Dirty northen bastards!


----------



## butterfly child (Oct 9, 2007)

butchersapron said:
			
		

> Dirty northen bastards!



<sigh>

The north/south divide strikes again.


----------



## Kanda (Oct 9, 2007)

The only divide should be between the West Country and the rest of us!


----------



## butterfly child (Oct 9, 2007)

Kanda said:
			
		

> The only divide should be between the West Country and the rest of us!



There isn't one already?


----------



## madzone (Oct 9, 2007)

butterfly child said:
			
		

> That's where Geri and I grew up
> 
> Where do your friends live, Madz?
> 
> (Do we know them?? )


 
No, don't think so - they only recently moved there. I don't know their address - would have to check my mobile but I'll do that and PM you later


----------



## xenon (Oct 9, 2007)

JTG said:
			
		

> if you can drive, there's heaps of cheap B&Bs along Coronation Road in Southville, Bristol. Type of places used by construction workers etc in the week. It's still only a short way to Pill from there.
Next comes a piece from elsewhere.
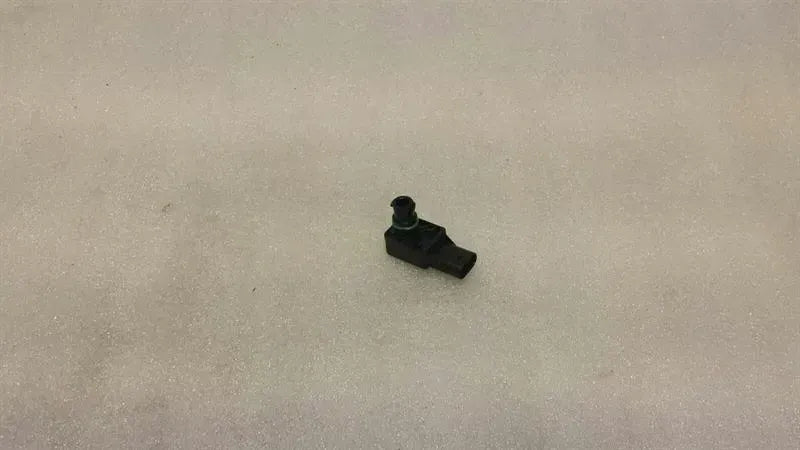 Mercedes CLS W218 Pressure Sensor A0071530528 Pressure Sensor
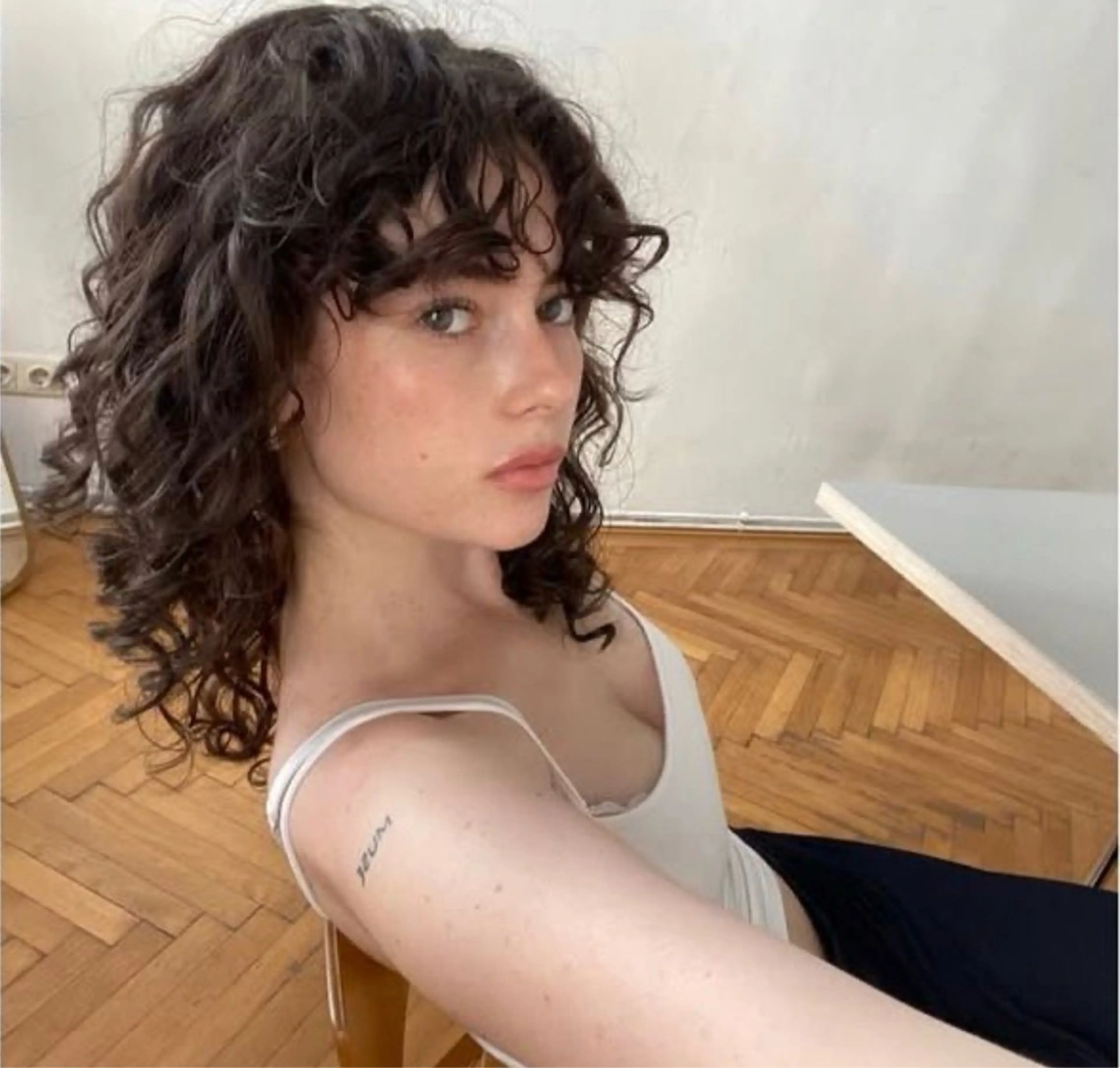 セミロング セミロングパーマ モデル募集中❗️ 吹矢　渉のヘアスタイル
Yeah but IIRC, one of them was featured on a Life of Grime. Can't remember which though.


----------



## madzone (Oct 9, 2007)

S'ok - he's rung and said it isn't too short notice and that I'm more than welcome to stay with them. I've said I'd like to hear it from his wife before I defintely come up


----------



## fractionMan (Oct 9, 2007)

pill is a dump


----------



## Geri (Oct 9, 2007)

fractionMan said:
			
		

> pill is a dump



Pill's great. I wouldn't want to live there now because I prefer my anonymity, but I enjoy going back there to visit. I had a great time growing up there, playing in the fields, building dams in the stream, messing about in my den by the river and stuff. At least you can walk the streets without fear of getting mugged, and there is no police helicopter hovering over your house every day.


----------



## Geri (Oct 9, 2007)

When The Nights Are Dark And Stormy
and The Bitter North Wind Blows
‘cross The Fields From Shire Hampton
where The Muddy Avon Flows
where The Pillites Gaily Ride
over On The Ferry From The Other Side
the Boat Starts Swingin’ You’ll Hear Them Singin’
Floating On The Tide!

chorus:

Pill, Pill, I Love Thee Still
even Though I’m Leavin’
Pill, Pill, I Love Thee Still
when The Ferry Boat Starts Heavin’
when The Rain Down Pours, The Thunder Roars
the Lightnin’ Flashes Bright
i’d Be Better Be Far, In The Duke Or The Star
than On The Old Pill Ferry Tonight

Take Me Where It's Warm And Cosy
down There With Those Happy Boys
where The Cheeks Are Red And Rosy
Cobblers, Hobblers, Hobbledehoys
When The Stinging Winter Sleet
Creeps Along The Riverside And Chills Your Feet
For Miles Around, You'll 'ear This Sound
Comin' Down Pill Street

chorus

Oh The Seven Seas I’ve Wandered
Back To Pill I Shall Return
When The Hard Earned Cash Is Squandered
For The Village Lads I Yearn
Captain, Captain, Carry Me
Steamer Of The Channel Past Portbury
Head ‘er South, Through Avonmouth
Happy I Shall Be

chorus


----------



## butterfly child (Oct 9, 2007)

fractionMan said:
			
		

> pill is a dump



Do you come from Pill?

I would like to draw your attention to the unwritten rule that says only people who come from an area are allowed to slag it off. 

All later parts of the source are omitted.